Harris, in conjunction with other researchers, is working on a new excavation report that will offer some fresh clues.
“What we’re trying to do right now is analyze the internal sediments and all of the other materials inside the submarine,” says the associate professor of geology and former director of the College’s Archaeology Program. “We are studying the accumulation and material relationships between the sediments and the human remains and artifacts.”
To the casual observer, all of the sand and mud that settled in and around the 40-foot submarine after it disappeared in 1864 may seem inconsequential.
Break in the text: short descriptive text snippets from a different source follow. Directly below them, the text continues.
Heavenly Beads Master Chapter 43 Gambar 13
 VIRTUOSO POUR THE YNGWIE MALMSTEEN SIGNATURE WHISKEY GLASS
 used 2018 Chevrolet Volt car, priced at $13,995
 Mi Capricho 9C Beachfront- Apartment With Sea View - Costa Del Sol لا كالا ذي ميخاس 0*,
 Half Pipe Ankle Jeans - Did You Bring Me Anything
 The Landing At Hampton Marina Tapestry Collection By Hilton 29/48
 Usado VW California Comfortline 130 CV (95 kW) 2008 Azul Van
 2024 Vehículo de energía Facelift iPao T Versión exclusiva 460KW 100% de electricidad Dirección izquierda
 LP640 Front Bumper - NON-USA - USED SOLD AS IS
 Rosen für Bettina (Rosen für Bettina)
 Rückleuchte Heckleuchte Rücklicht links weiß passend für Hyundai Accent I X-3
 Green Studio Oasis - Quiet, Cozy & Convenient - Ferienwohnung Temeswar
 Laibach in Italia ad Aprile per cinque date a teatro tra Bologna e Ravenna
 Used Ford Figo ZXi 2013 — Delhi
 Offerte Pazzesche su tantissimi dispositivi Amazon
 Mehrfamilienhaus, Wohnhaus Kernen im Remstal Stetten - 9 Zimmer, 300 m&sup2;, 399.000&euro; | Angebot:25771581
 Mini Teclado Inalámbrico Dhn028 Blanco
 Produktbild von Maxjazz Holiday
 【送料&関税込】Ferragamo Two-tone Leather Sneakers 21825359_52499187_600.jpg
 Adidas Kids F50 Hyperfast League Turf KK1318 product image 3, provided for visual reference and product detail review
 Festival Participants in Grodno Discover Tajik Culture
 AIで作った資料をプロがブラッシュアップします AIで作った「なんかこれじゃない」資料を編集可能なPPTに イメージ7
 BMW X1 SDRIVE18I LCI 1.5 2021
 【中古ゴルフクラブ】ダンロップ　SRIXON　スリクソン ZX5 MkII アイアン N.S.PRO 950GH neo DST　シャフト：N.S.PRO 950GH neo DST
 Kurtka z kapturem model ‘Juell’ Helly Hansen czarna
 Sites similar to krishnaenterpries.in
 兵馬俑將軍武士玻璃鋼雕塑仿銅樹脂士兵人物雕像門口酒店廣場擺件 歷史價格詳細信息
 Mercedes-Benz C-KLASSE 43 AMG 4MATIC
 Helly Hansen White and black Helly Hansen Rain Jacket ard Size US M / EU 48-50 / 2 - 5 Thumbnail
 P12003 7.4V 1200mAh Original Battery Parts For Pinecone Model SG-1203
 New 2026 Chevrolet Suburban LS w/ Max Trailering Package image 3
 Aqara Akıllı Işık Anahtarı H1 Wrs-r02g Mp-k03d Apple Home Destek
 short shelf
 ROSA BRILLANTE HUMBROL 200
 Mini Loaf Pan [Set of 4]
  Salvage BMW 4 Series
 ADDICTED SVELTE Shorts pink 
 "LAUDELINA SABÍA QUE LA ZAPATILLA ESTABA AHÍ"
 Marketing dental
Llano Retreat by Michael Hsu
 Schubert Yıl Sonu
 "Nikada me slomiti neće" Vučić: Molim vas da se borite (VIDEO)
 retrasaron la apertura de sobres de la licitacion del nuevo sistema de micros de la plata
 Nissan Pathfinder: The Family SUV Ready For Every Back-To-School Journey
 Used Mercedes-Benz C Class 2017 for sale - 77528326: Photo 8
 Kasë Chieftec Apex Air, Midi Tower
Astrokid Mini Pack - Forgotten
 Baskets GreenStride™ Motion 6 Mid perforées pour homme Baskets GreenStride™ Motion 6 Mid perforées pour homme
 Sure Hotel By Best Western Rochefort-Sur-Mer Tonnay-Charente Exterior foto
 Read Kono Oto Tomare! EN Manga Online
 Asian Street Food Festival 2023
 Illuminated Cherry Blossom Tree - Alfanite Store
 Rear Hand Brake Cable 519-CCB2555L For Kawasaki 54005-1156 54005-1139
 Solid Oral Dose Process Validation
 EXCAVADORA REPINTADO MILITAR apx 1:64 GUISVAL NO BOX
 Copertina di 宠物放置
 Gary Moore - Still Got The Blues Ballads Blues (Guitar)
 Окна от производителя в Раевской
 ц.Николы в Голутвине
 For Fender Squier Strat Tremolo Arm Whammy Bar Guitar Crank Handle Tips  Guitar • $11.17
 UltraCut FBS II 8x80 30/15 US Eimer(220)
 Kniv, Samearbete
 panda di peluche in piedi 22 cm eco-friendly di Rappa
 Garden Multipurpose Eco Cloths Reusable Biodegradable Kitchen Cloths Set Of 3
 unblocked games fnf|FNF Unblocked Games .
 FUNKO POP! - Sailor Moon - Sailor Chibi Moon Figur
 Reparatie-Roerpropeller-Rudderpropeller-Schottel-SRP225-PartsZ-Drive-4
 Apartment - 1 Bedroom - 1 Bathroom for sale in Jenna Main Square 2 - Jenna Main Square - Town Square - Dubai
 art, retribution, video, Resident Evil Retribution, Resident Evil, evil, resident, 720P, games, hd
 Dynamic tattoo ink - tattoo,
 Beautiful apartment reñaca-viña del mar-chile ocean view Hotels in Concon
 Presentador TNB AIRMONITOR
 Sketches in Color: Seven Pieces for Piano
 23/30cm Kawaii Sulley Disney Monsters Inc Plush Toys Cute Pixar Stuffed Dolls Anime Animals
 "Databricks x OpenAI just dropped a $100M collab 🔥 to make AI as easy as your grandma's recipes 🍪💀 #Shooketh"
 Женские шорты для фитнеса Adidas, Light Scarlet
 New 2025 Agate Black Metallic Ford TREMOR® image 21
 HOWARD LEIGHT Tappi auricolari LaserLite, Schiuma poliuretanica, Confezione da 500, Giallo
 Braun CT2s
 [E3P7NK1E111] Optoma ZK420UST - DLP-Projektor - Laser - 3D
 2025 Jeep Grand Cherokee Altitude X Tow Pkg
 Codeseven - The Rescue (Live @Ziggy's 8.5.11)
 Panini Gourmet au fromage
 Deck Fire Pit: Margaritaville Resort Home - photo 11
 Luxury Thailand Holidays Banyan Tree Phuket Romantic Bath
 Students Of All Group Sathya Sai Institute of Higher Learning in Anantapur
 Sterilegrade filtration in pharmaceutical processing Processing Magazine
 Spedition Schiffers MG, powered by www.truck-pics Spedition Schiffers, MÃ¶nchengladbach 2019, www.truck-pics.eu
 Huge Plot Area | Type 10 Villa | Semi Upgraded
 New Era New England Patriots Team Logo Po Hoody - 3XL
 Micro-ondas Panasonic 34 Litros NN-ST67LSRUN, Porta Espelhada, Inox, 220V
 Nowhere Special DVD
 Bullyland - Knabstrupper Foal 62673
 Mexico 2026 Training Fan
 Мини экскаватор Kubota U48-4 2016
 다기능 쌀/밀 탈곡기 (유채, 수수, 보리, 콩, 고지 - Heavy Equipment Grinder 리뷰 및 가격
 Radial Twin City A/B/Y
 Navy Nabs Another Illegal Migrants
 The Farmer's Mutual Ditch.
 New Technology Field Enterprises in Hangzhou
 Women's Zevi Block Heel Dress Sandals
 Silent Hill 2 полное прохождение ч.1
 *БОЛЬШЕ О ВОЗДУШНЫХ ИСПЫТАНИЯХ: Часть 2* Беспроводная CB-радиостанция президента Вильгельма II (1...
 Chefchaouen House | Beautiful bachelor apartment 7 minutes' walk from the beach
But to Harris, who specializes in coastal systems and geoarchaeology, the way the sediments settled and the sea life that moved through it offer insight into how the vessel came to rest on the ocean floor.
“Understanding the oxygen content and the sedimentation at the time the Hunley sank – and in the years after – really gives us an understanding of what the environmental conditions were inside the submarine,” says Harris, who first got involved with the recovery and excavation of the Hunley in the late 1990s while he was still a doctoral student at the University of Delaware.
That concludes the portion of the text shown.